From Table 6, it is observed that partial molar volumes of cyclopentane at infinite dilution \( \bar{V}_{{{\text{m}},1}}^{0} \) in alkanols are greater than the corresponding V ^*₁ values of pure cyclopentane. Thus, the difference in values \( (\bar{V}_{{{\text{m}},1}}^{0} - V_{1}^{*} ) \) are positive, suggesting the expansion in volume of the mixture on mixing which may be attributed to the non-specific interactions between cyclopentane and alkanol molecules. It is also observed that all of the \( \bar{V}_{{{\text{m}},2}}^{0} , \) i.e. partial molar volumes of alkanols in cyclopentane are greater than corresponding molar volumes V ^*₂ of n-alkanol which may suggest that alkanol molecules are not able to fit into the empty spaces in cyclopentane which results in positive excess molar volumes. Apparent molar volumes at infinite dilution \( \bar{V}_{\phi ,1}^{0} \) for cyclopentane in alkanol are higher than corresponding molar volume V ^*₁ of pure cyclopentane. This suggests the idea that apparent molar volume of cyclopentane is actually the molar volume of cyclopentane and additional volume that arises from the rupture of interaction between the mixture components. The difference between \( \bar{V}_{\phi ,1}^{0} \) and V ^*₁ increases as we from primary alkanol to secondary alkanol and with decrease in chain length of alkanol which constrained the structure formation in these mixtures and increases the excess molar volumes. This observation and positive values of V ^E_m for these mixtures suggest that structure breaking effect between like molecules exceeds the structure formation between unlike molecules. Dispersion interactions between cyclopentane and alkanol increases with decrease in chain length of alkanol, i.e. from 1-butanol to 1-propanol. Repulsive interactions are relatively strong in cyclopentane + 2-propanol as observed from V ^E_m data. Further, the difference between \( \overline{V}_{{\phi},{2}}^{0} \) and V ^*₂ are smaller in the case of 1-butanol as compared to 2-butanol which indicates more expansion means more positive V ^E_m for cyclopentane + 2-butanol mixture.

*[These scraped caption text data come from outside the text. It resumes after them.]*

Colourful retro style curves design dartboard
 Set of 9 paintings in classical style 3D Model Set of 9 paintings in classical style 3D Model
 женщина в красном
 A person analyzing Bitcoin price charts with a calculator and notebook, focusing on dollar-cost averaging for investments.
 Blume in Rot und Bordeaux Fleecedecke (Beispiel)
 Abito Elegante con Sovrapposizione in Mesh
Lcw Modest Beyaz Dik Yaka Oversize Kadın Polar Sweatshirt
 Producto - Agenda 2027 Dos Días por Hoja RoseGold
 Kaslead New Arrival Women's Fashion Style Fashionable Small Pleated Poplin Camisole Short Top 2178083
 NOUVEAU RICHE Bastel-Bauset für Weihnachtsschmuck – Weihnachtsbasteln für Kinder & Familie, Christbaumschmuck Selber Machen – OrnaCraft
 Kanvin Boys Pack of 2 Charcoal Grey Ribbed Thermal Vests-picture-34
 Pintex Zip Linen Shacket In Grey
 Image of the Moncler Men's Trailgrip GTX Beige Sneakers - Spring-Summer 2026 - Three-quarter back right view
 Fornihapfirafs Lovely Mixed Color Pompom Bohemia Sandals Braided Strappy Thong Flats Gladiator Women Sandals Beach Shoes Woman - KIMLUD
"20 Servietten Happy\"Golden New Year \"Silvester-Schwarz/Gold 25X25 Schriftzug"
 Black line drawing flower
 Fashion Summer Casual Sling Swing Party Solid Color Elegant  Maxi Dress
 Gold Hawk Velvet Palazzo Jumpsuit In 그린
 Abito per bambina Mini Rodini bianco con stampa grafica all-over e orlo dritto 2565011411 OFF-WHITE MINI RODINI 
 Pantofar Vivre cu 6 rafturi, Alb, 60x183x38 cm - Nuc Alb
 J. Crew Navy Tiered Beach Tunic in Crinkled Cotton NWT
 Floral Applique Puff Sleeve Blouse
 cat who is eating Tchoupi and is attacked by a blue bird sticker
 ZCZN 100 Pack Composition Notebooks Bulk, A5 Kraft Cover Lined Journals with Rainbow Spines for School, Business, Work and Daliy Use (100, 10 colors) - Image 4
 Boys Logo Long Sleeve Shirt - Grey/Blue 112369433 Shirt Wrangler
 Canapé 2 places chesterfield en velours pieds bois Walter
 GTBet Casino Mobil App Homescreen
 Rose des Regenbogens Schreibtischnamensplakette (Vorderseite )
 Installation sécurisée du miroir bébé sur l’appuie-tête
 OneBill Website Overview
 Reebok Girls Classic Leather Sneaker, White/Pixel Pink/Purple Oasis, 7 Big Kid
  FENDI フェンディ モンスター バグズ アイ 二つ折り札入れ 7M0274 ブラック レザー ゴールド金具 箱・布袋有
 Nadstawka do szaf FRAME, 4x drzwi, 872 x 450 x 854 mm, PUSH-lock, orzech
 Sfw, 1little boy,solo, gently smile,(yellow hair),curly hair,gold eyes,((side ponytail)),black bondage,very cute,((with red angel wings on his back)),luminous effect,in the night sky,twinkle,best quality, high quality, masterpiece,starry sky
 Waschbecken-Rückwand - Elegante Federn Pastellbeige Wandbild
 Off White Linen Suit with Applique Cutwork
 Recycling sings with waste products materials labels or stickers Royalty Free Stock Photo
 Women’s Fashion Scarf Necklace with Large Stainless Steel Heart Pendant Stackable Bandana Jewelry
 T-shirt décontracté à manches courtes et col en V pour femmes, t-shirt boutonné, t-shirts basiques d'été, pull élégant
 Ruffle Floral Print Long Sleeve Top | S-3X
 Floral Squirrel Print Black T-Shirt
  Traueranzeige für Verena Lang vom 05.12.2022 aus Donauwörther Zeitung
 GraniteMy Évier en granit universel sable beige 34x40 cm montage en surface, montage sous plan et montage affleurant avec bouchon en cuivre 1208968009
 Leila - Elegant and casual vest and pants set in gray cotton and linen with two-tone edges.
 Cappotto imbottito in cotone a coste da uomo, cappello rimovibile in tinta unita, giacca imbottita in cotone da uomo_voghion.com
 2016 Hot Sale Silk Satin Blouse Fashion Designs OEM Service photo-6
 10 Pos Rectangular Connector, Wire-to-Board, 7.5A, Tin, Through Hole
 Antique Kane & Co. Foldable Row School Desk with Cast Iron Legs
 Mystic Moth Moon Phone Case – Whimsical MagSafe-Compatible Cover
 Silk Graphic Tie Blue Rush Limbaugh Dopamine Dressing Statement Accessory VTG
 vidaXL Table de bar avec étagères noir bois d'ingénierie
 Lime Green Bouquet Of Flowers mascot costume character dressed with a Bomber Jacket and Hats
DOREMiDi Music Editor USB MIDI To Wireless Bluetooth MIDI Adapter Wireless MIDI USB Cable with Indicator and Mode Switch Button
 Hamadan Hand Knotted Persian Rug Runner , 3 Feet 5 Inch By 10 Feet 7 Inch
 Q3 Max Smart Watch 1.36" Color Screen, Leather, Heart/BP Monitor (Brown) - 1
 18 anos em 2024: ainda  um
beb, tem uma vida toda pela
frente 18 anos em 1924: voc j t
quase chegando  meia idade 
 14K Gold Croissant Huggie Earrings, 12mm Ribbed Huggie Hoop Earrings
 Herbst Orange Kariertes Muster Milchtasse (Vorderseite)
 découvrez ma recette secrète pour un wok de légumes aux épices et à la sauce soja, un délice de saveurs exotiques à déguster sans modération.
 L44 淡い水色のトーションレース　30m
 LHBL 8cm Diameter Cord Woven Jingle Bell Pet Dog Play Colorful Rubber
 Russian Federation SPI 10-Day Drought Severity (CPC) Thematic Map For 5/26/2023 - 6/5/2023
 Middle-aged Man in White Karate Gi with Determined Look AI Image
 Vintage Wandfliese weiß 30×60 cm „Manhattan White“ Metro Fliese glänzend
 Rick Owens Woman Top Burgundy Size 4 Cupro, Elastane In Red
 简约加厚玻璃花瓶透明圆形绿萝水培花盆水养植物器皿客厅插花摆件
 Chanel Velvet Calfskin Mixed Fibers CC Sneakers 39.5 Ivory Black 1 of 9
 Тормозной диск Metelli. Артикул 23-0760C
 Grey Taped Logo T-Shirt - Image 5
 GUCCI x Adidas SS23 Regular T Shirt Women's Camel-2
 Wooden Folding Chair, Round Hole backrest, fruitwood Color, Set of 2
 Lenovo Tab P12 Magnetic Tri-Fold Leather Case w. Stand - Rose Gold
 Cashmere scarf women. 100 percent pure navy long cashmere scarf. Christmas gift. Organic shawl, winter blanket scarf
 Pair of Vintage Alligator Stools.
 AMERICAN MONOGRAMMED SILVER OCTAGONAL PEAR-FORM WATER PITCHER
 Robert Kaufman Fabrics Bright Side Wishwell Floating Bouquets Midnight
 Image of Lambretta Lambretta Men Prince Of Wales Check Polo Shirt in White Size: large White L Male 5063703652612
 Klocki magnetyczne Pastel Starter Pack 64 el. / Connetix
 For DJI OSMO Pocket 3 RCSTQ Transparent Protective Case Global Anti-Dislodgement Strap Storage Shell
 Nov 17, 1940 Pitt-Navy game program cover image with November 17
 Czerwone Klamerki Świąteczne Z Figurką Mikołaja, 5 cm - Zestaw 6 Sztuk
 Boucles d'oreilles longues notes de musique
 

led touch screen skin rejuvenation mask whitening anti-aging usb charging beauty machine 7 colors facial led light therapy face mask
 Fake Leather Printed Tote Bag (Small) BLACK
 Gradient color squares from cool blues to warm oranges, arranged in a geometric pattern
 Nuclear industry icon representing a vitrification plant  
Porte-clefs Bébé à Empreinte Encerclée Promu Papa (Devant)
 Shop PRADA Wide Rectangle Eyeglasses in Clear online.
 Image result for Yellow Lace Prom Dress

It is observed from Table 7 that the values obtained for (∂V ^E_m /∂T)_P are positive for all the systems and are in agreement with the values of V ^E_m at T = 298.15 K. The values of (∂H ^E/∂P)_T are negative at equimolar concentration, for all cyclopentane + alkanol systems. The values of (∂V ^E_m /∂T)_P and (∂H ^E/∂P)_T have similar variation with the n-alkanol but with opposite sign. The values obtained from Flory’s theory are greater than the experimental values. The difference between theoretical and experimental values is higher in case of cyclopentane + 2-butanol systems. The values of (∂V ^E_m /∂T)_P decrease with increase in the chain length, i.e. from 2-propanol to 2-butanol and with branching, i.e. from 1-butanol to 2-butanol. The mixing quantities (∂V ^E_m /∂T)_P and (∂H ^E/∂P)_T are an indicator of nonrandomness or order in the solution [34–36]. (∂V ^E_m /∂T)_P values are positive for all the cyclopentane + alkanol systems so it is expected that destruction of order during mixing is not important as positive contribution of (∂V ^E_m /∂T)_P implies the nonrandomness or order in the solution. Randomness in solution implies a negative contribution to (∂V ^E_m /∂T)_P. An analysis of the results shows that out of three systems, cyclopentane + 2-propanol has more positive values of (∂V ^E_m /∂T)_P which implies that it has very less tendency to break the order or to create the randomness in the solution on mixing.